Some companies have yielded no value in the liquidation process, including All Best Offshore, Baadl Technologies, and Gujarat State Construction. There are also instances of financial creditors recovering single-digit percentages. Videocon Industries and Jet Airways are notable examples. Overall, the average recovery of 34 per cent of the claims since the IBC’s inception shows the extent of haircuts taken by the banks and financial institutions.
Experts suggest that seven years should be sufficient for a new law to stabilise, but the IBC, despite its initial promise, seems to have become entangled in a web of litigation, new interpretations, numerous amendments (as many as 84), challenges, and new precedents set by the Supreme Court. Once hailed as a game-changer, the IBC appears to be faltering.
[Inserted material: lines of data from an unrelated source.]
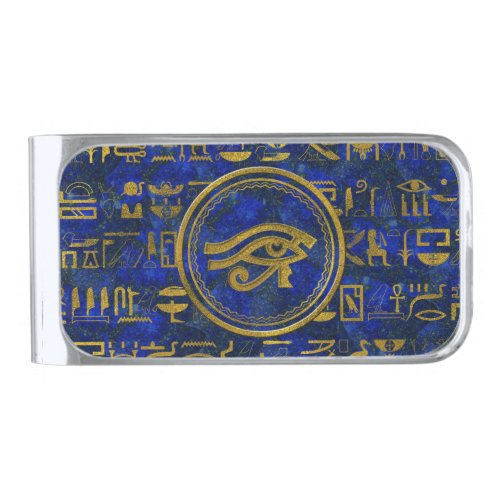 Egyptian Eye of Horus _ Wadjet Lapis Lazuli Silver Finish Money Clip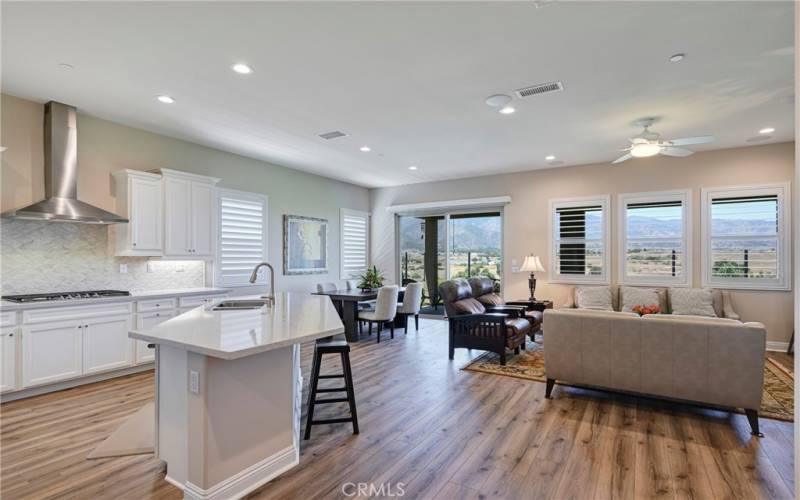 Kitchen opens to dining room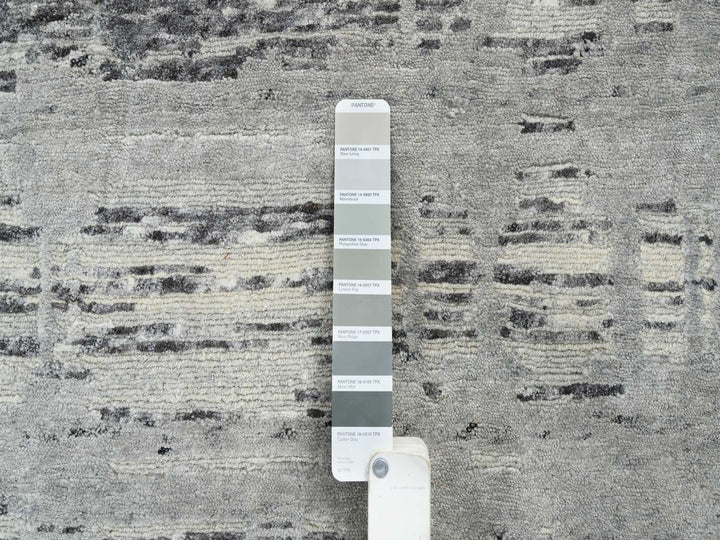 12'0" x 18'3" New Hand Knotted Grey Wool Rectangle Oriental Rug - MOA10264714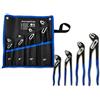 Topolenashop 4 Pinze Regolabili a Pappagallo 175, 200, 250 e 300 mm - Set Chiavi per Tubi e Dadi con Ganasce Seghettate, Impugnature in PVC e Custodia
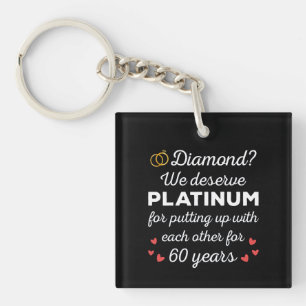 Porte-clés 60ème anniversaire du Mariage I - Diamond Funny Co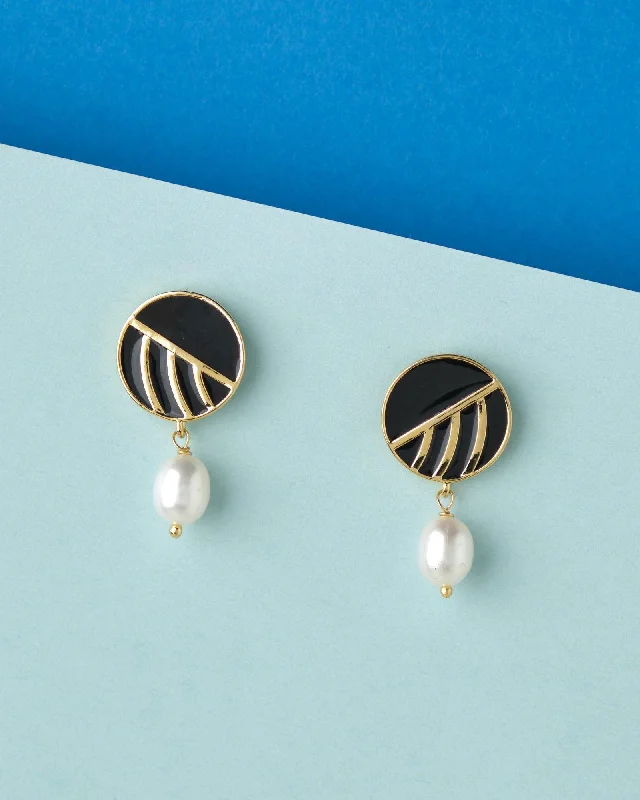 Simple Silver Earrings for Casual Style-Timeless Beauty Drop Pearl Earring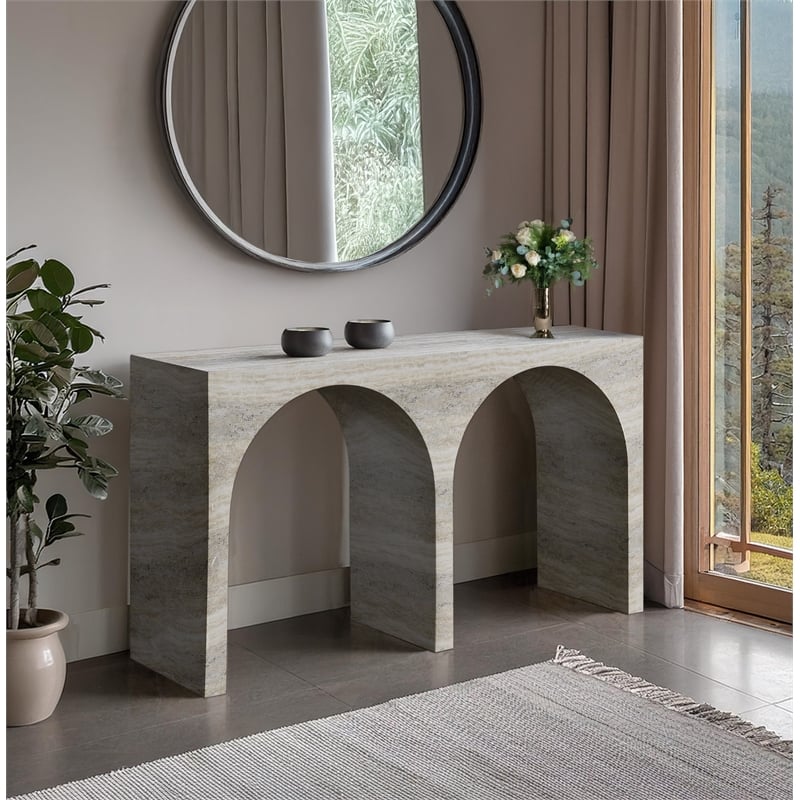 Meridian Furniture Faenza Travertine Finish Console Table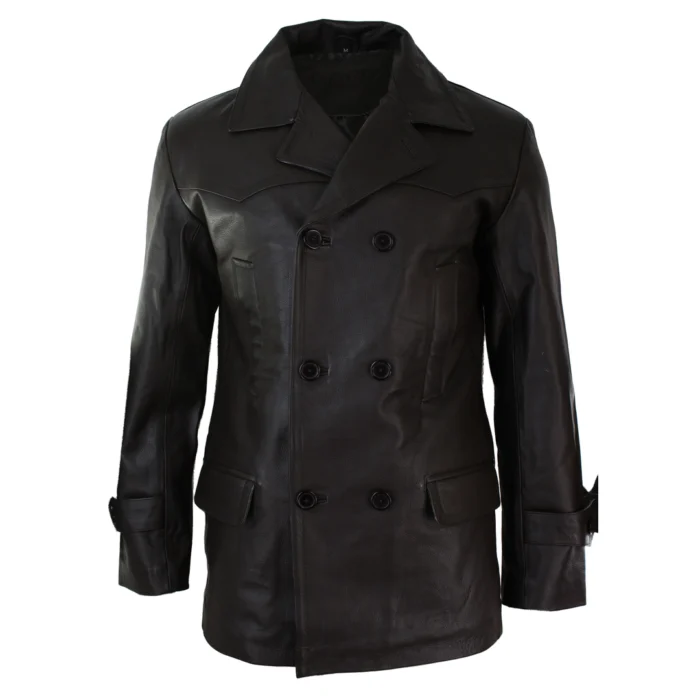 Mens 3/4 Double Breasted Real Leather Dr Who Kreigsmarine Uboat Jacket - Image 6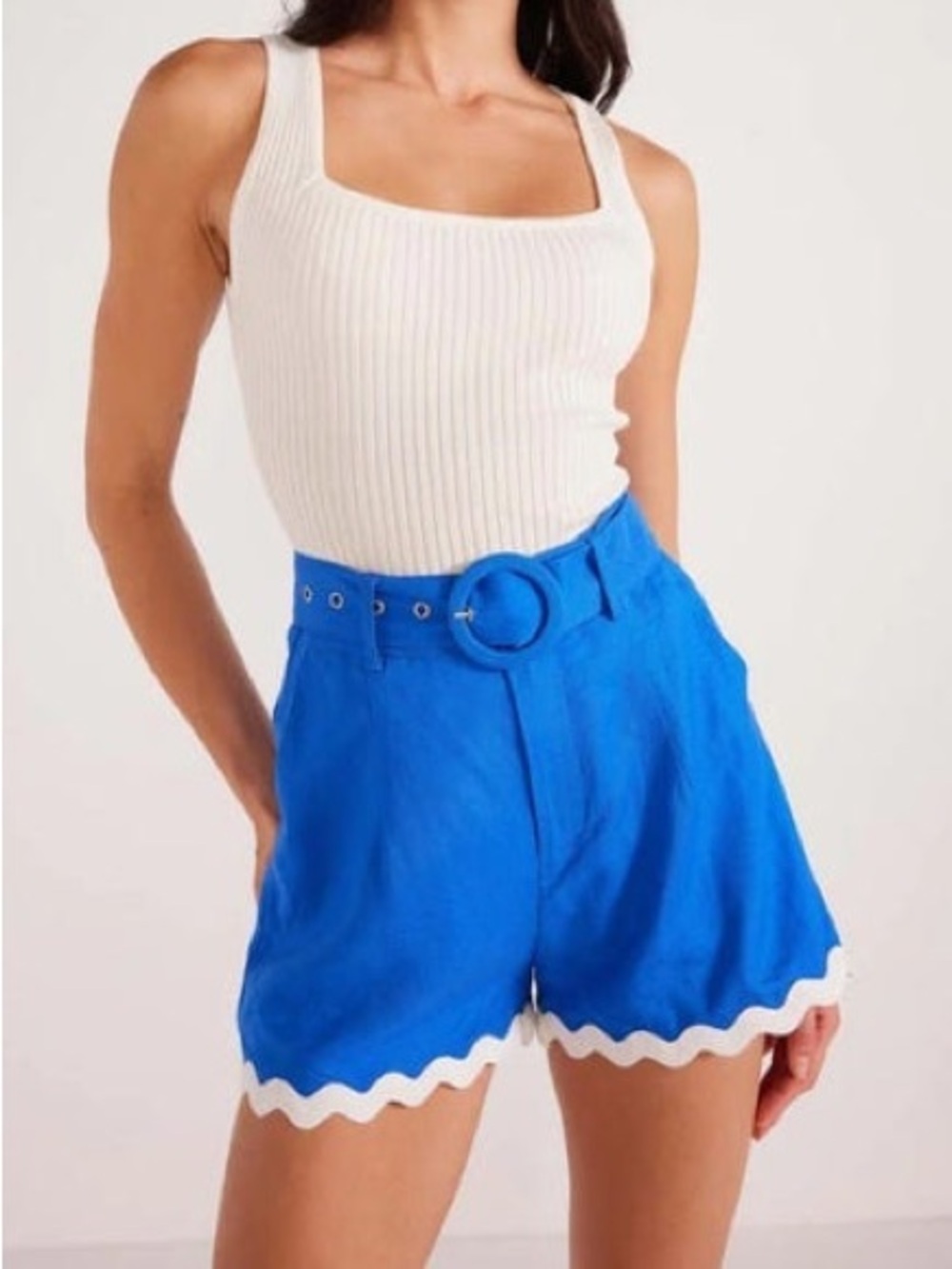 MinkPink Blue Florence Rikrak Belted Shorts Size Large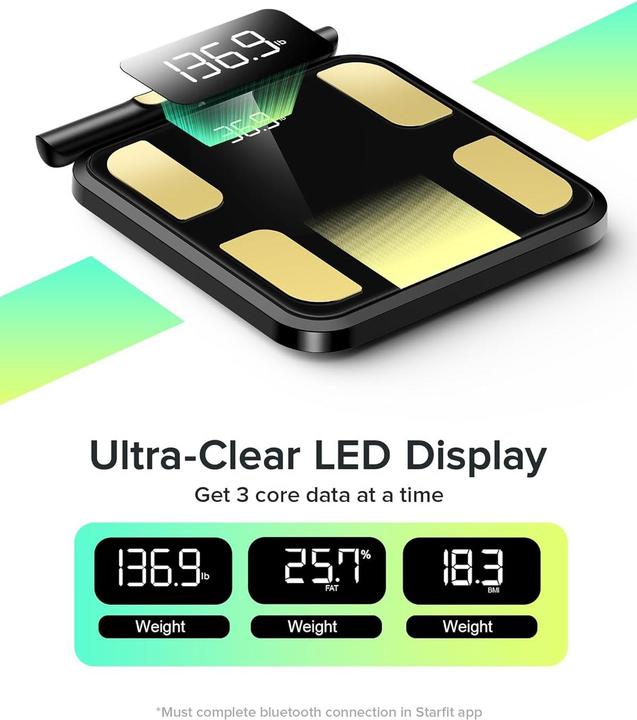 Actual product image Runstar Digital Body Composition Scale with Electrodes and App Analysis (180 kg)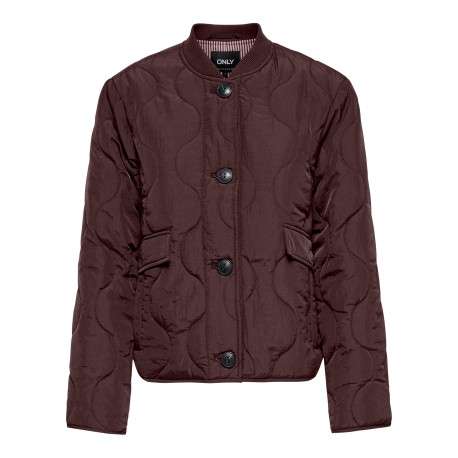 Blouson marron uni avec une coupe droite et un col montant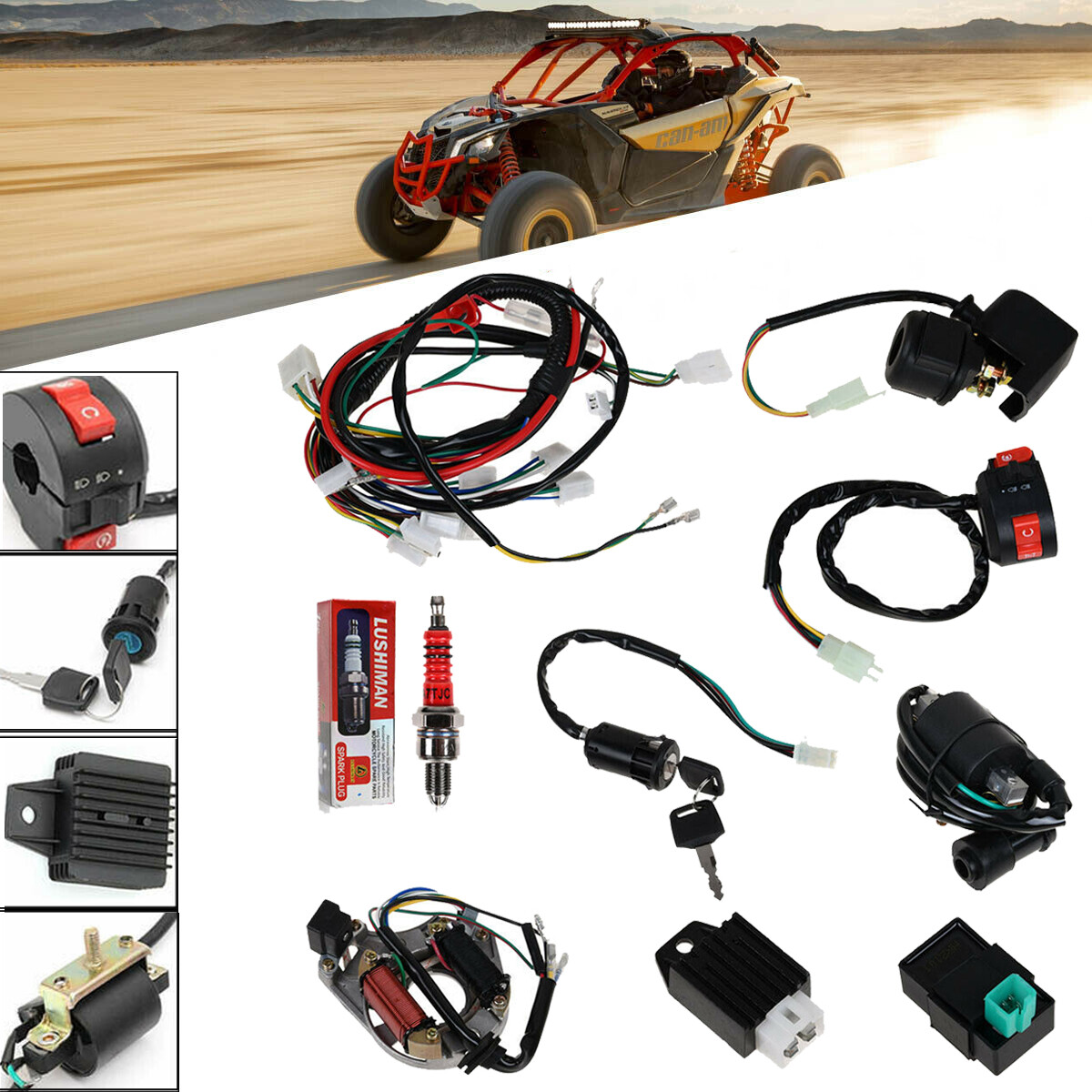 50cc-125cc CDI Wire Harness Stator Assembly Wiring Kit for ATV Electric Quad Set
The IBC’s intent was clear: to provide companies an opportunity to recover from financial distress. However, stakeholders, ranging from promoters to operational creditors, financial creditors to prospective buyers, seem to be using the law to their advantage. “It appears that the IBC is being used more as a recovery mode, and not just by operational creditors; financial creditors, including banks, are also employing this tactic,” observes Daizy Chawla, Senior Partner, S&A Law Offices.
The only ones seemingly benefiting are the lawyers. “It is beneficial legislation for us,” one lawyer quips. Yet, the IBC did have initial successes, with larger cases like Essar Steel, Bhushan Steel, and Cement achieving good realisation. “There is certainly a change in the credit behaviour of the borrowers,” asserts R.K. Bansal, MD&CEO, Edelweiss ARC.
Technically, the IBC operates on strict deadlines, such as appointing valuers within 7 days or submitting claims within 90 days, reflecting a rigid time structure. “Incorporating the IBC process within this framework is a challenge,” admits Rajesh Narain Gupta, Managing Partner, SNG & Partners.
“We are so focused on changing the law. The law itself is mature; it’s the participants who are not mature enough to implement it. We need initiatives on skills development before we improve the law,” argues Abizer Diwanji, Head (Financial Services) at EY India.
Clearly, more than amendments, the IBC requires intent, additional benches, judges with subject expertise, adherence to timelines, a supportive ecosystem for distressed funds, and resolution certainty for investors.